Friday, December 4, 2009


Damned if he did, damned if he didn’t – that’s where U.S. President Barack Obama found himself this week on the issue of putting a timeframe around the new “surge” of American troops into Afghanistan. As the guy who campaigned on shifting priority from “the wrong war” (Iraq) to the origin of the al Qaeda attacks of 9/11, he didn’t need to sell his intention so much as his vision for completion. And therein lay the rub – without a date it’s an open-ended quagmire; with any kind of timeframe it’s war with a deadline, and that only helps the enemy.
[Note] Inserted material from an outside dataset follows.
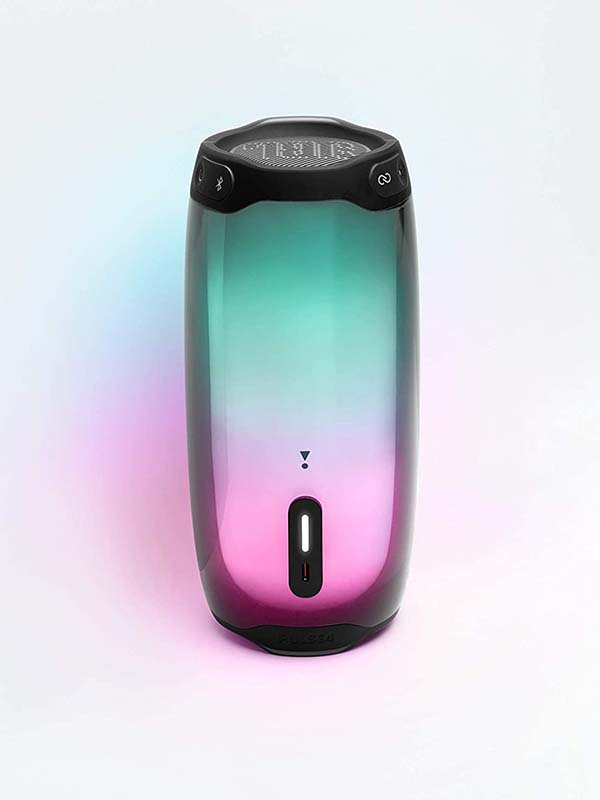 JBL Pulse 4 Portable Wireless Bluetooth Speaker with 360 degrees LED lights, IPX7 waterproof & 12 hours of playtime, Black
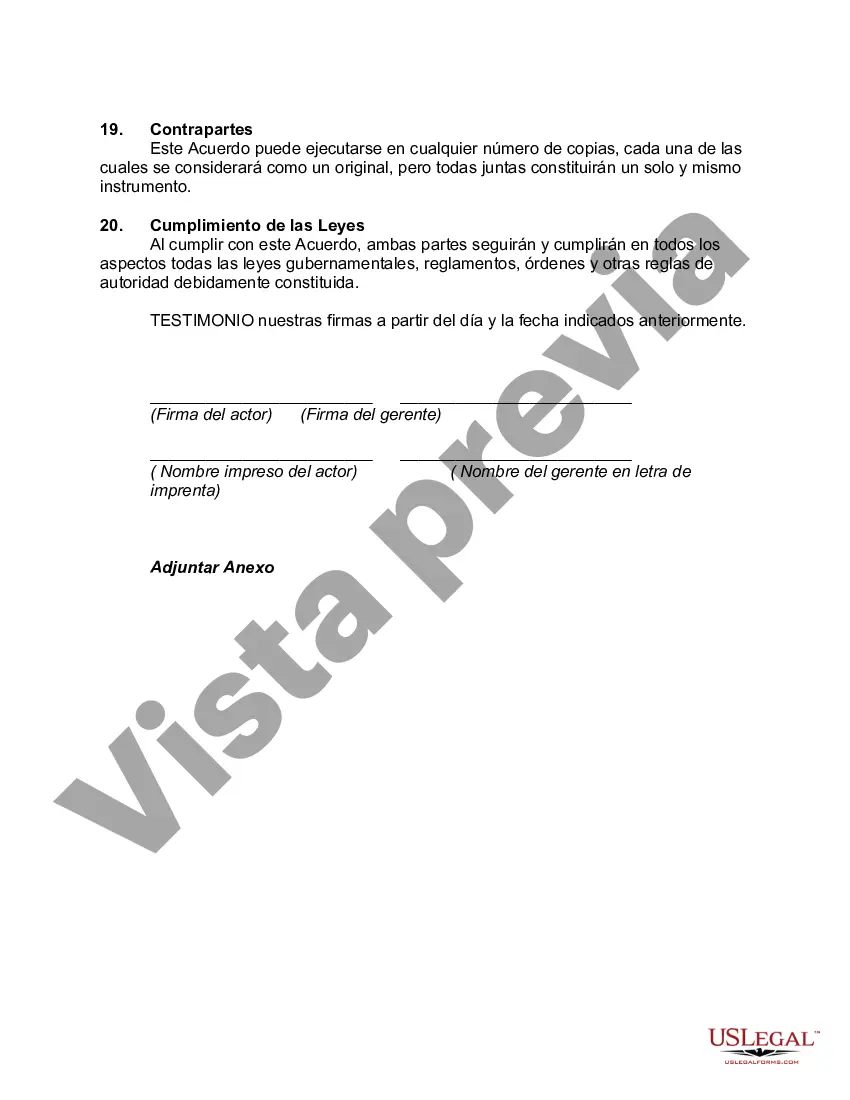 Get Contrato de trabajo de actor para la ejecución de una obra de teatro que incorpora reglas sindicales Preview Contrato de trabajo de actor para la ejecución de una obra de teatro que incorpora reglas sindicales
So, purely from a communications standpoint, I think he did about all he could in his prime-time address to the nation this week, putting a target date of July, 2011 out there but referencing it in couched ways including when “our troops will begin to come home” and declaring that “just as we have done in Iraq, we will execute this transition (to Afghan Army soldiers) responsibly, taking into account conditions on the ground.” That gives him the wiggle room to respond to unforeseen events, if necessary, which is wise. Secretary of State Hillary Clinton did her part back-stopping the boss as well, fielding questions at a Senate hearing by saying “I do not believe we have locked ourselves into leaving. It is intended to send a message about resolve and urgency.” Frustrating as that may be to critics and pundits, I think it passes the test of reasonable positioning with regard to a war that has been as unpredictable as it has been hard-fought to date.